To the driver of the typical car today, a 10.7 year-old vehicle in the EU, connected features such as active park assist, lane-keeping or driver alert systems can seem a long way in the future. But the connected world is here, it is real now, and almost every premium vehicle sold today connects to the Internet to offer some form of personalised services.

As far back as 2016, BMW Connected became standard on all models, with smarter vehicle control and services for email, news, weather and other text-to-speech functions. Other programmes such as Ford’s Sync 3 and GM’s On Star became standard way back in 2014.

Increasingly automatic functions are driving the technology content of vehicles, and changing who is in control, starting with feet off (cruise control) to hands off (beginning with temporary hands off, lane assist) to eyes off (semi-autonomy) to brain off (full autonomy).

The car is increasingly part of the connected ecosystem. By 2020, 20% of all vehicles on the road worldwide will have some form of network connection, equivalent to 250 million connected vehicles.

The proliferation of vehicle connectivity has implications across the major functional areas of insurance telematics, automated driving, infotainment and mobility services.

‘The vehicle is very much a part of the Internet of Things,’ commented Dr George Gillespie, CEO of MIRA. ‘It could very well end up being the biggest data source, with connected cars generating data at the rate of 25 gigabytes per day, rising to 300 terabytes, which is the data estimated to be generated by an autonomous vehicle per year.’

But what does all of this mean for the automotive companies and insurance providers in the long term? After all, we are talking about highly-complex vehicles, much more challenging in terms of technology and risk than what insurance deals with today.

By 2021 the UK government intends the country to be well on its way to a driverless future.

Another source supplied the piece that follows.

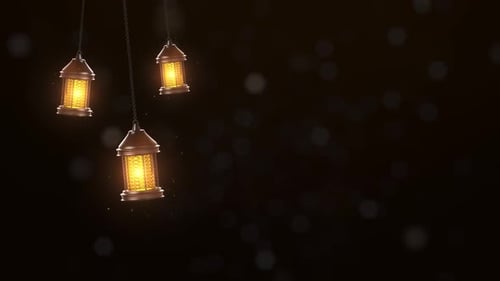 Ramadan Kerzenlaterne fallend hängend auf schwarzem Hintergrund 3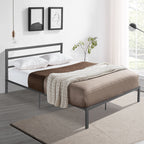 Queen Metal Bed Frame With Headboard - Durable Steel Platform - Dark Gray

A legal review is underway to determine some legal questions that will impact on insurance.

Everyone agrees that the period of highest risk will be the ‘fuzzy middle’, the hybrid period when autonomous and driven vehicles will share the roads, and the period of handover when a driver could be suddenly requested by the vehicle to take back control.

There are going to be many factors and technologies to deliver the final product.

There is a popular view that the technology could move quickly beyond autonomy, effectively leaping over this most dangerous phase. Drivers are still necessary in cars but are able to completely shift ‘safety-critical functions’ to the vehicle, under certain traffic or environmental conditions. It means that the driver is still present and will intervene if necessary, but is not required to monitor the situation in the same way as for the previous levels.

In so far as control of the vehicle is going to flip between the human and the machine, for insurance the future is likely to mean a move to real-time risk assurance.

The connected vehicle is going to become the most complex and the most data-rich platform, creating huge challenges for digital vehicle resilience, for identifying critical risks and designing against them.